In Bash, is there a way to expand variables twice in double quotes?

Question

For debugging my scripts, I would like to add the internal variables $FUNCNAME and $LINENO at the beginning of each of my outputs, so I know what function and line number the output occurs on.

foo(){
    local bar="something"
    echo "$FUNCNAME $LINENO: I just set bar to $bar"
}

But since there will be many debugging outputs, it would be cleaner if I could do something like the following:

foo(){
    local trace='$FUNCNAME $LINENO'
    local bar="something"
    echo "$trace: I just set bar to $bar"
}

But the above literally outputs: "$FUNCNAME $LINENO: I just set bar to something" I think it does this because double quotes only expands variables inside once.

Is there a syntactically clean way to expand variables twice in the same line?

Answer 1

You cannot safely evaluate expansions twice when handling runtime data.

There are means to do re-evaluation, but they require trusting your data -- in the NSA system design sense of the word: "A trusted component is one that can break your system when it fails".

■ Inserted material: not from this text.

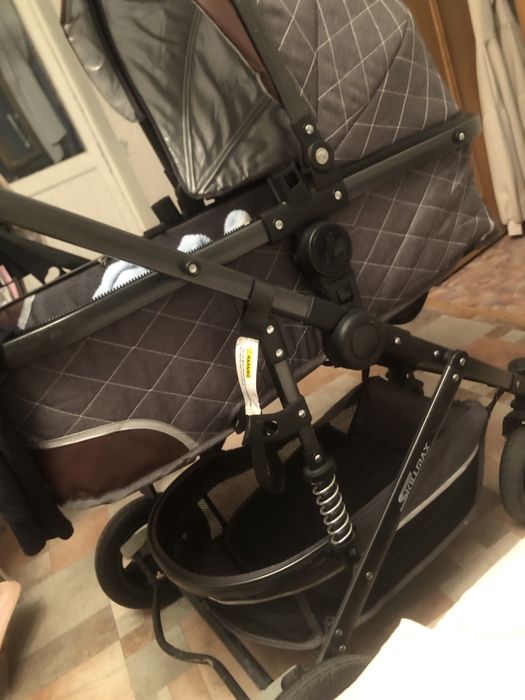 продам коляску  или обменяю на санки в отличном состояние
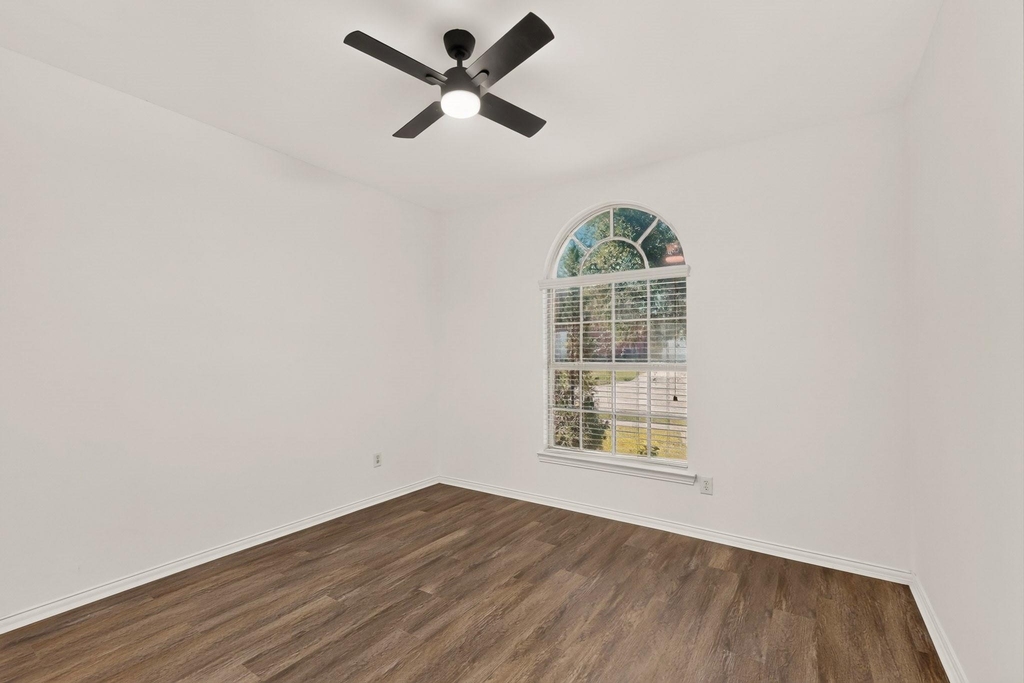 14908 Riverside Drive - Photo 25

See BashFAQ #48 for a detailed discussion. Keep in mind that if you could be logging filenames, that any character except NUL can be present in a UNIX filename. $(rm -rf ~)'$(rm -rf ~)'.txt is a legal name. * is a legal name.

Consider a different approach:

#!/usr/bin/env bash

trace() { echo "${FUNCNAME[1]}:${BASH_LINENO[0]}: $*" >&2; }

foo() {
        bar=baz
        trace "I just set bar to $bar"
}

foo

...which, when run with bash 4.4.19(1)-release, emits:

foo:7: I just set bar to baz

---

Note the use of ${BASH_LINENO[0]} and ${FUNCNAME[1]}; this is because BASH_LINENO is defined as follows:

An array variable whose members are the line numbers in source files where each corresponding member of FUNCNAME was invoked.

Thus, FUNCNAME[0] is trace, whereas FUNCNAME[1] is foo; whereas BASH_LINENO[0] is the line from which trace was called -- a line which is inside the function foo.

Answer 2

Yes to double expansion; but no, it won't do what you are hoping for.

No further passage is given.